Class DeferredEntityReferenceImpl

  • All Implemented Interfaces:
    Serializable, Cloneable, DeferredNode, EntityReference, EventTarget, Node, NodeList

    public class DeferredEntityReferenceImpl
    extends EntityReferenceImpl
    implements DeferredNode
    EntityReference models the XML &entityname; syntax, when used for entities defined by the DOM. Entities hardcoded into XML, such as character entities, should instead have been translated into text by the code which generated the DOM tree.

    An XML processor has the alternative of fully expanding Entities into the normal document tree. If it does so, no EntityReference nodes will appear.
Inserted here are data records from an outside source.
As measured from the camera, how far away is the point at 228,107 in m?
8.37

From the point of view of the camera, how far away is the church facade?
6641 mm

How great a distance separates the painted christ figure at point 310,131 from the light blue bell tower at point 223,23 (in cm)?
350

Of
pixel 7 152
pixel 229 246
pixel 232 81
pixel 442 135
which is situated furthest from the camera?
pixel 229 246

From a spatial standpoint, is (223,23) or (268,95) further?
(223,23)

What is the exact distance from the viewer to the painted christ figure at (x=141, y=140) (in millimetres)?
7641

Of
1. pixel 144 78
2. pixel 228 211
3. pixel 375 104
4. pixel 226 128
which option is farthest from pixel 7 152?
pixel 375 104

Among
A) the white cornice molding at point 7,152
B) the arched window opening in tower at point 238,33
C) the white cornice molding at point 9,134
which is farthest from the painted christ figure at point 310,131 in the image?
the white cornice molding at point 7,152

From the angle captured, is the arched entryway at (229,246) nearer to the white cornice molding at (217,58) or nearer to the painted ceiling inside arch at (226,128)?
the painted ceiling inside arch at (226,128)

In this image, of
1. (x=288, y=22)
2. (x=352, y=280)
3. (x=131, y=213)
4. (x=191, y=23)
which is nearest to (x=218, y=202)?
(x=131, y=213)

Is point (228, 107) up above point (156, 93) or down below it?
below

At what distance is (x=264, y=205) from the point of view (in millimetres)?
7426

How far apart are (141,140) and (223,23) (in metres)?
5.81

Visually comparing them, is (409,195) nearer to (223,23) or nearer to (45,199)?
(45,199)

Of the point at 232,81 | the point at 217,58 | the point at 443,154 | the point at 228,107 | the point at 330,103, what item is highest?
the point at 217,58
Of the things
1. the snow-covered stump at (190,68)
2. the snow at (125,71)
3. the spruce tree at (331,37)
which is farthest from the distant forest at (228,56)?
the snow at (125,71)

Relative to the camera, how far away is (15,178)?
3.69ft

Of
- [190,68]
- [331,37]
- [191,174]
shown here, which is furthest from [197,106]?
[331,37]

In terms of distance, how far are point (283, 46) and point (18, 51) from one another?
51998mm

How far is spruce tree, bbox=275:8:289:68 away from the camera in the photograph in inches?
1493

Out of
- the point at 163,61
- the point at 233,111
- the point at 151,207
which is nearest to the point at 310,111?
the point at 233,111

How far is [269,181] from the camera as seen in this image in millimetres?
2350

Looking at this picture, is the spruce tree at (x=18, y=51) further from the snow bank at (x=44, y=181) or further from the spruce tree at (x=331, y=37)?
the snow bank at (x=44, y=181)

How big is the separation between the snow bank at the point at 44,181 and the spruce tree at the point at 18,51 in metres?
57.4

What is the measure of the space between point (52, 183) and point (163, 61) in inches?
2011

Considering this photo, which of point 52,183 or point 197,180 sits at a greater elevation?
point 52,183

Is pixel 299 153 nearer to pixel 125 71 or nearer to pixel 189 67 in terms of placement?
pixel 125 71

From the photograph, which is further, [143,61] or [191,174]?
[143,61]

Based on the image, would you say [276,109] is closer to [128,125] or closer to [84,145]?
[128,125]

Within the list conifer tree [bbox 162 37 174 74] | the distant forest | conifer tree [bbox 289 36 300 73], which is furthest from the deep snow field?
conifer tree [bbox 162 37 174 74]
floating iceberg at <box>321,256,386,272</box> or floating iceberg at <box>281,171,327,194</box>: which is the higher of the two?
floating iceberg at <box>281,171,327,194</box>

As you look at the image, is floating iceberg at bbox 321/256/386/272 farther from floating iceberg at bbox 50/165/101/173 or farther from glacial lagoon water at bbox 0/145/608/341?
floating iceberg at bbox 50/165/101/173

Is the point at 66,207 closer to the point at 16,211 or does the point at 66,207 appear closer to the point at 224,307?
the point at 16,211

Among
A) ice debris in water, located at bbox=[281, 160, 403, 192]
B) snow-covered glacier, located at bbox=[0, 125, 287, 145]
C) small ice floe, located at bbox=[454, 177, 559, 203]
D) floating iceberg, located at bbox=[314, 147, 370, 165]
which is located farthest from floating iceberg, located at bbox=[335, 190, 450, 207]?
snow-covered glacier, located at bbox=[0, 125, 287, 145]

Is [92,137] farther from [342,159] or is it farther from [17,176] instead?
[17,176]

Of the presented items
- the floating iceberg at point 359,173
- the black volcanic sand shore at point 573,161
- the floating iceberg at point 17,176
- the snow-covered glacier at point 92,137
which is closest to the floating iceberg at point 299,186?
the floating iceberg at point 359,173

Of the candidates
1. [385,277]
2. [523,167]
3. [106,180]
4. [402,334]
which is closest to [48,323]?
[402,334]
    Similarly, non-validating XML processors are not required to read or process entity declarations made in the external subset or declared in external parameter entities. Hence, some applications may not make the replacement value available for Parsed Entities of these types.
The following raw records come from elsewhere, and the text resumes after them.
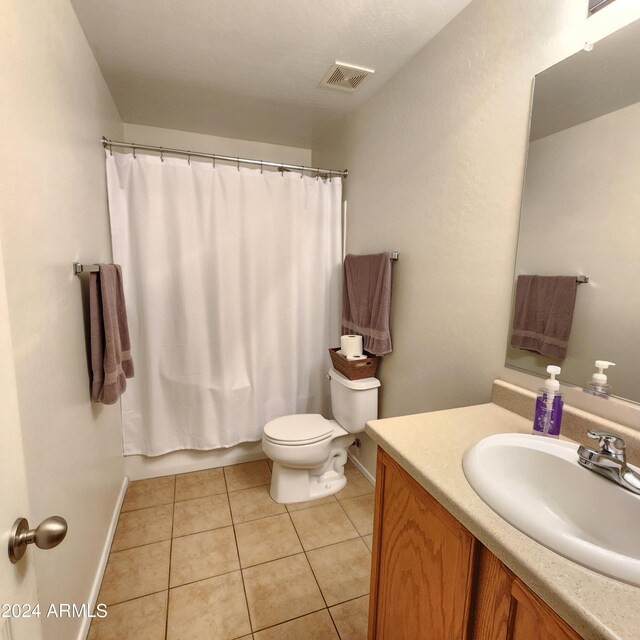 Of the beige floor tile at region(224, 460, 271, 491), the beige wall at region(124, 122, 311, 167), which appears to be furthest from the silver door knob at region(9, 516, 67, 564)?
the beige wall at region(124, 122, 311, 167)

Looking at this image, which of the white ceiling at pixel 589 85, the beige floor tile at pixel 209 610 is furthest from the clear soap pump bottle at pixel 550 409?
the beige floor tile at pixel 209 610

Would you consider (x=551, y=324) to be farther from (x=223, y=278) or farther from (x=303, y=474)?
(x=223, y=278)

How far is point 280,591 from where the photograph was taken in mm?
1460

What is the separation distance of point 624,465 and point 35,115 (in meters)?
1.77

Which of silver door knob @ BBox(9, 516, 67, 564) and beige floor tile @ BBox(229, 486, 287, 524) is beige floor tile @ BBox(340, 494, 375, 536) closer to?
beige floor tile @ BBox(229, 486, 287, 524)

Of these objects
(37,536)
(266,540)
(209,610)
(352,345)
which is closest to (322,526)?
(266,540)

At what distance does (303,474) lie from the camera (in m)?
2.02

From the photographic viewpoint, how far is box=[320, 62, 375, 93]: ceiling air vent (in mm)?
1706

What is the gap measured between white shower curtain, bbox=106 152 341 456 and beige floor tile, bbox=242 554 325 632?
913mm

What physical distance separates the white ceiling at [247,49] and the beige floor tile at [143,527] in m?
2.35

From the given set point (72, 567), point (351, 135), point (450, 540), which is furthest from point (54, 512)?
point (351, 135)

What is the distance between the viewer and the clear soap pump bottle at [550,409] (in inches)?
37.5

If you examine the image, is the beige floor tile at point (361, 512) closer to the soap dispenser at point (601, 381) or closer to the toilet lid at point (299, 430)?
the toilet lid at point (299, 430)

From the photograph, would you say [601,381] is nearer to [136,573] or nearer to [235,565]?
[235,565] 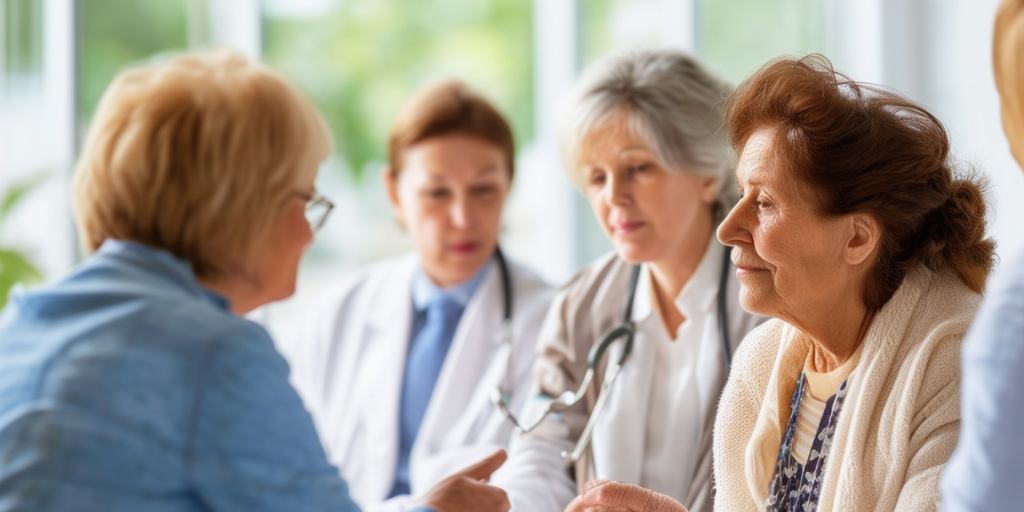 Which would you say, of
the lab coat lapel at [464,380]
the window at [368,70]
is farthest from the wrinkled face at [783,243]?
the window at [368,70]

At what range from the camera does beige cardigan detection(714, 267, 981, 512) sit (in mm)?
1278

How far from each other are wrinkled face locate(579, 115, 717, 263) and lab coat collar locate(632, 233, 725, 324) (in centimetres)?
5

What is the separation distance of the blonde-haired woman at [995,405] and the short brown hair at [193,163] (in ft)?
2.86

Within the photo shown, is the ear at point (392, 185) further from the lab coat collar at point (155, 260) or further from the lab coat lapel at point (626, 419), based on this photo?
the lab coat collar at point (155, 260)

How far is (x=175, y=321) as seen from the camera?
113 centimetres

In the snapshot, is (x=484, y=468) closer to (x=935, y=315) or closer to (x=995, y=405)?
(x=935, y=315)

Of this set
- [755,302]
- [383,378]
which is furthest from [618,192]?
[383,378]

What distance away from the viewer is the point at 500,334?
250cm

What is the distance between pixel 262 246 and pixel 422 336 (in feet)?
4.59

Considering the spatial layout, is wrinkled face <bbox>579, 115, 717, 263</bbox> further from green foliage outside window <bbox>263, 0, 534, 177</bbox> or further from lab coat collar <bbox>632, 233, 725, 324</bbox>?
green foliage outside window <bbox>263, 0, 534, 177</bbox>

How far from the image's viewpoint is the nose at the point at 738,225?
1.48m

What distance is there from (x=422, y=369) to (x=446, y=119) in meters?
0.70

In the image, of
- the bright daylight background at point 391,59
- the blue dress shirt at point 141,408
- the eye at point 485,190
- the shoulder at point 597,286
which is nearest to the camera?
the blue dress shirt at point 141,408

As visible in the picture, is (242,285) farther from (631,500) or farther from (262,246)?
(631,500)
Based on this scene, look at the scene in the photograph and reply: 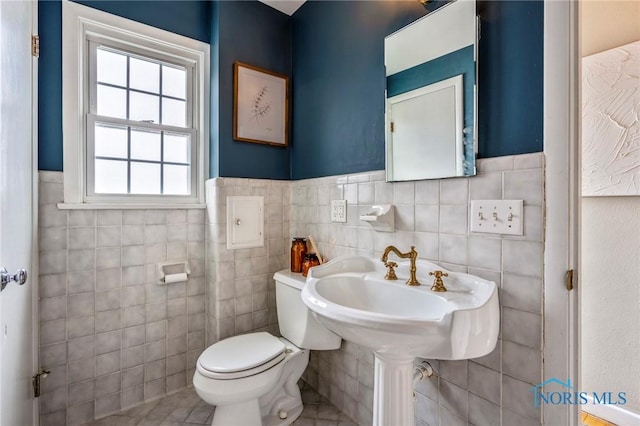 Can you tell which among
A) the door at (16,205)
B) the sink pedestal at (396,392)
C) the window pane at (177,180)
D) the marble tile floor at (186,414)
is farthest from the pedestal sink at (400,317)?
the window pane at (177,180)

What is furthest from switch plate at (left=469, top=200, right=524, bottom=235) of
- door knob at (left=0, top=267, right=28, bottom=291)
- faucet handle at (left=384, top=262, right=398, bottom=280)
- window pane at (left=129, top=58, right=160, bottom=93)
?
window pane at (left=129, top=58, right=160, bottom=93)

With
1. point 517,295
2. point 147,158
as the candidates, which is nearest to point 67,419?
point 147,158

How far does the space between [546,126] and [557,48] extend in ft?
0.76

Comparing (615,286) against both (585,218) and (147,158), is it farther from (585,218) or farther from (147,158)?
(147,158)

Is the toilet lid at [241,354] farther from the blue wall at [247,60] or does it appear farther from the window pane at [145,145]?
the window pane at [145,145]

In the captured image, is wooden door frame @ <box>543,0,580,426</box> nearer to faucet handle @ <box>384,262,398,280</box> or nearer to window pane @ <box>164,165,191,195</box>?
faucet handle @ <box>384,262,398,280</box>

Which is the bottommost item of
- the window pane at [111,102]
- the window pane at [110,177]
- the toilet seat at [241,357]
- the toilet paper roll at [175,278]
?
the toilet seat at [241,357]

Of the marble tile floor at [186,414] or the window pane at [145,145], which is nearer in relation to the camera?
the marble tile floor at [186,414]

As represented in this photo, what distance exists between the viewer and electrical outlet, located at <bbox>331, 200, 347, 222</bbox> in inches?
63.9

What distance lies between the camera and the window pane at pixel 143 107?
1.77 m

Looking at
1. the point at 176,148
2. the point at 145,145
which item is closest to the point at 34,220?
the point at 145,145

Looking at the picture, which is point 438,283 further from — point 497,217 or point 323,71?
point 323,71

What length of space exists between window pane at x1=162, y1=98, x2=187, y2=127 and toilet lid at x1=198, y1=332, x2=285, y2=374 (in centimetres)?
138

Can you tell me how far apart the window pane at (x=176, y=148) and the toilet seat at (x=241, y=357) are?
1162 mm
    EntityReference behaves as a read-only node, and the children of the EntityReference (which reflect those of the Entity, and should also be read-only) give its replacement value, if any. They are supposed to automagically stay in synch if the DocumentType is updated with new values for the Entity.

    The defined behavior makes efficient storage difficult for the DOM implementor. We can't just look aside to the Entity's definition in the DocumentType since those nodes have the wrong parent (unless we can come up with a clever "imaginary parent" mechanism). We must at least appear to clone those children... which raises the issue of keeping the reference synchronized with its parent. This leads me back to the "cached image of centrally defined data" solution, much as I dislike it.
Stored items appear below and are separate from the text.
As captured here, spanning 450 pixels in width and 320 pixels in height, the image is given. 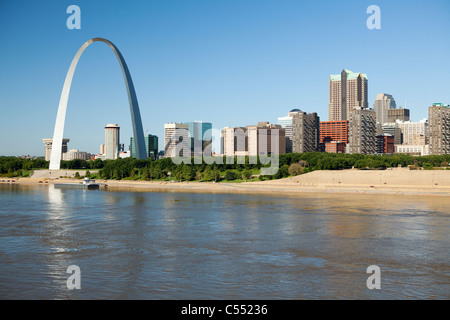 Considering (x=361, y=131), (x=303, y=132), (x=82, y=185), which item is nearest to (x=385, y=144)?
(x=361, y=131)

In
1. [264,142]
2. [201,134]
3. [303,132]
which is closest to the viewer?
[303,132]

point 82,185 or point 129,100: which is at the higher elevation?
point 129,100

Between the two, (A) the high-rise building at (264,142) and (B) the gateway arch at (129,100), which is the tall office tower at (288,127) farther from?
(B) the gateway arch at (129,100)

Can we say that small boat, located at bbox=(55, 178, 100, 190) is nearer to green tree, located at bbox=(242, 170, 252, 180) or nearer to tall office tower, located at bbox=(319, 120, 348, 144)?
green tree, located at bbox=(242, 170, 252, 180)

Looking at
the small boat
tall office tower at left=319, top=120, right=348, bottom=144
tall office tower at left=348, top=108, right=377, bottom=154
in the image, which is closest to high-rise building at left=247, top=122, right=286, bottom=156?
tall office tower at left=319, top=120, right=348, bottom=144

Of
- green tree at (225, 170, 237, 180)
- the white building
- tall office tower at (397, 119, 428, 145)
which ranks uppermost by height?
tall office tower at (397, 119, 428, 145)

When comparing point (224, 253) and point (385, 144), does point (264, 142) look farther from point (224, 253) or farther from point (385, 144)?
point (224, 253) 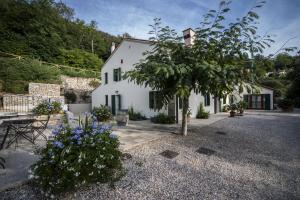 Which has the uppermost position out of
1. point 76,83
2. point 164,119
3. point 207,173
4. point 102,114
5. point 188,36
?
point 188,36

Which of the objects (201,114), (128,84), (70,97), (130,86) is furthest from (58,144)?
(70,97)

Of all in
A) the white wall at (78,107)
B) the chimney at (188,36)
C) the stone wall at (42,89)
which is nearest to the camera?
the chimney at (188,36)

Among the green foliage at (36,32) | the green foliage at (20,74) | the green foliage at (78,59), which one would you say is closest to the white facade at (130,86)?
the green foliage at (20,74)

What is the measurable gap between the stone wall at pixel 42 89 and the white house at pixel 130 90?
12.3ft

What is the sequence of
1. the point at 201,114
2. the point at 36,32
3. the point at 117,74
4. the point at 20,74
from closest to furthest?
the point at 201,114, the point at 117,74, the point at 20,74, the point at 36,32

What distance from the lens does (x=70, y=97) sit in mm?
17141

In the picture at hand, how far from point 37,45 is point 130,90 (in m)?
17.9

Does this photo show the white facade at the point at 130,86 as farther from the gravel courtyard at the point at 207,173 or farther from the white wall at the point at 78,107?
the gravel courtyard at the point at 207,173

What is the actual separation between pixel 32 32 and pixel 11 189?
2726 centimetres

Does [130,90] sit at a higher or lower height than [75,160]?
higher

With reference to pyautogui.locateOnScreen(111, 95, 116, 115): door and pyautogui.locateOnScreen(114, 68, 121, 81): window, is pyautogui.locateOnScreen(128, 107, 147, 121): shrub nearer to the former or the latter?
pyautogui.locateOnScreen(111, 95, 116, 115): door

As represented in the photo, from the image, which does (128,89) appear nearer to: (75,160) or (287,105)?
(75,160)

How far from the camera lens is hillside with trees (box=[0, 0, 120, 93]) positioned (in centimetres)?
1500

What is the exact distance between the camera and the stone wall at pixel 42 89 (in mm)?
13663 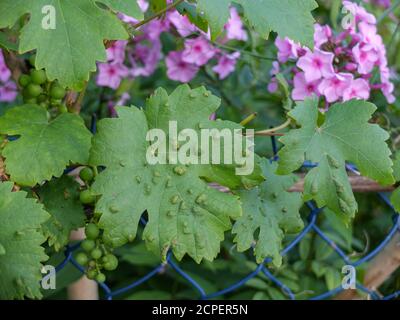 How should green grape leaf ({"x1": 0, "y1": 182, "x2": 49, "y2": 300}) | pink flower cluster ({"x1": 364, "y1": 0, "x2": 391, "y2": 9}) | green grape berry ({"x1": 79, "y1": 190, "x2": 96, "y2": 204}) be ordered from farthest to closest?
pink flower cluster ({"x1": 364, "y1": 0, "x2": 391, "y2": 9}) → green grape berry ({"x1": 79, "y1": 190, "x2": 96, "y2": 204}) → green grape leaf ({"x1": 0, "y1": 182, "x2": 49, "y2": 300})

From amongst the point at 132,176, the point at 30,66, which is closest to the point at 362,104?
the point at 132,176

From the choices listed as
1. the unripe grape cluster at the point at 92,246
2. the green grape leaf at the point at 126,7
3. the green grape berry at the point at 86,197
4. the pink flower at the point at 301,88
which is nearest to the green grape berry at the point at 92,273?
the unripe grape cluster at the point at 92,246

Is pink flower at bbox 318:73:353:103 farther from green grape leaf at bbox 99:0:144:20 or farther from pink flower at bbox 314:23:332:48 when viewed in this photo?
green grape leaf at bbox 99:0:144:20

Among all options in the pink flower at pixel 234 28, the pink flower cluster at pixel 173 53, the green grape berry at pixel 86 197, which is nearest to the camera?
the green grape berry at pixel 86 197

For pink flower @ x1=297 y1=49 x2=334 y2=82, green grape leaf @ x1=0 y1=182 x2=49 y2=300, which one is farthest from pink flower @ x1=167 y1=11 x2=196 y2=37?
green grape leaf @ x1=0 y1=182 x2=49 y2=300

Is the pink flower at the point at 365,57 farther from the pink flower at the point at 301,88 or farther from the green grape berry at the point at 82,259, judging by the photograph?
the green grape berry at the point at 82,259

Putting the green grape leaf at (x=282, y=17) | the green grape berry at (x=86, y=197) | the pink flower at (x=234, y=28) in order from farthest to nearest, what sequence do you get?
the pink flower at (x=234, y=28) < the green grape berry at (x=86, y=197) < the green grape leaf at (x=282, y=17) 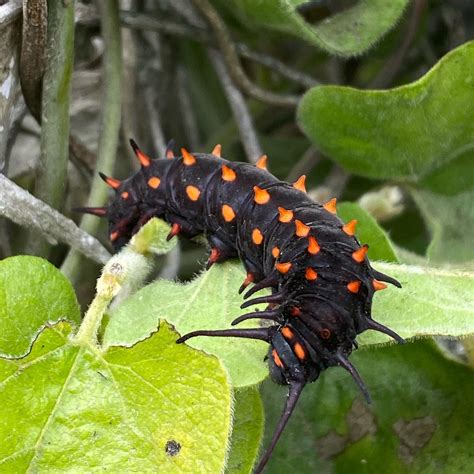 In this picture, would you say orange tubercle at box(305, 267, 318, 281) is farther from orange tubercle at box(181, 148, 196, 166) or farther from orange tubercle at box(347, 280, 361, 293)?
orange tubercle at box(181, 148, 196, 166)

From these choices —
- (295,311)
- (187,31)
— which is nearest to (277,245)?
(295,311)

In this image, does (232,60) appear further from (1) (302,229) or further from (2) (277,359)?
(2) (277,359)

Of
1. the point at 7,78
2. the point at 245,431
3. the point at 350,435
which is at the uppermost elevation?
the point at 7,78

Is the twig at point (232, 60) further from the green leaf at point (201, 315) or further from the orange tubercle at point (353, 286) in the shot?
the orange tubercle at point (353, 286)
    For now I have decided, since REC-DOM-Level-1-19980818 doesn't cover this in much detail, that synchronization doesn't have to be considered while the user is deep in the tree. That is, if you're looking within one of the EntityReferennce's children and the Entity changes, you won't be informed; instead, you will continue to access the same object -- which may or may not still be part of the tree. This is the same behavior that obtains elsewhere in the DOM if the subtree you're looking at is deleted from its parent, so it's acceptable here. (If it really bothers folks, we could set things up so deleted subtrees are walked and marked invalid, but that's not part of the DOM's defined behavior.)

    As a result, only the EntityReference itself has to be aware of changes in the Entity. And it can take advantage of the same structure-change-monitoring code I implemented to support DeepNodeList.

    Since:
    PR-DOM-Level-1-19980818.
    Version:
    $Id$
    See Also:
    Serialized Form
    • Field Detail

      • fNodeIndex

        protected transient int fNodeIndex
        Node index.
    • Method Detail

      • getNodeIndex

        public int getNodeIndex()
        Returns the node index.
        Specified by:
        getNodeIndex in interface DeferredNode
      • synchronizeData

        protected void synchronizeData()
        Synchronize the entity data. This is special because of the way that the "fast" version stores the information.